Jay W. Beattie argued the cause for respondent. With him on the brief was Lindsay Hart, LLP.
Before Sercombe, Presiding Judge, and Hadlock, Judge, and Tookey, Judge.
[265 Or.App. 690] HADLOCK, J.
Plaintiff is a former public employee who sued defendant for defamation and tortious interference with an employment relationship after defendant's agent made various accusations against plaintiff during a 9-1-1 call and in a message to plaintiff's supervisor. As clarified in litigation, the defamation claim encompassed allegations of both ordinary defamation, resulting in special damages, and defamation per se. In its answer, defendant denied certain of the allegations in plaintiff's complaint, raised affirmative defenses related to privilege, and asserted a counterclaim for attorney fees under ORS 20.105, alleging that plaintiff's claims had " no objectively reasonable basis." On the parties' cross-motions for summary judgment, the trial court granted summary judgment to defendant on each of plaintiff's tort claims, resulting in dismissal of plaintiff's
case, and granted summary judgment to plaintiff on defendant's counterclaim. Plaintiff appeals, arguing that the trial court erred by granting summary judgment to defendant and by denying plaintiff's motion for partial summary judgment insofar as it related to defendant's liability on plaintiff's claim for defamation per se. We reverse the dismissal of plaintiff's claim for defamation per se and remand for further proceedings on that claim, and we otherwise affirm.

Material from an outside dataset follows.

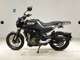 Фото Husqvarna SVARTPILEN 401 2022 с японского аукциона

We begin by addressing plaintiff's contention that the trial court erred by granting defendant's motion for summary judgment on plaintiff's tort claims. Accordingly, we set forth the facts in the light most favorable to plaintiff as a prelude to determining whether--viewed in that light--the evidence creates a genuine issue of material fact that should have precluded the trial court from entering judgment for defendant as a matter of law. Adair Homes, Inc. v. Dunn Carney, 262 Or.App. 273, 276, 325 P.3d 49, rev den, 355 Or. 879, 333 P.3d 333 (2014).
Plaintiff worked as a customer service representative for the City of Keizer Public Works Department, where he assisted with the maintenance of the city's water system. Defendant owns Little Caesars restaurants in Salem and Keizer. In April 2011, plaintiff's daughter went to defendant's Keizer restaurant and attempted to use a $25 gift card that [265 Or.App. 691] plaintiff had purchased there. The card was declined, and plaintiff's daughter then called plaintiff, who went to the restaurant to try to resolve the issue. Plaintiff arrived in a city van, wearing his work clothes and displaying a city identification badge. According to plaintiff, he explained to a person that worked at the restaurant, Arreola, that he had purchased the gift card and that it had never been used. When Arreola still would not honor the gift card, plaintiff left the restaurant and returned with the receipt for the gift card. Arreola again refused to honor it. Plaintiff asked to speak with the manager, and Arreola, after telling him that the manager was not available, took plaintiff's name and phone number. Plaintiff left the restaurant.
After four days passed, plaintiff still had not received a call from anyone at Little Caesars, so he returned to the Keizer restaurant. He again arrived in a city van, wearing his work clothes and displaying a city identification badge. According to plaintiff, Arreola initially refused to provide a refund or make any other accommodation, but then she called Salmon, a regional manager who worked in defendant's Salem restaurant. After speaking with Salmon, Arreola agreed to give plaintiff a refund, provided that he return the gift card and sign a document acknowledging receipt of the refund. Plaintiff left the restaurant to make a copy of the gift card for his records, then returned to the restaurant, signed the document, and received a refund.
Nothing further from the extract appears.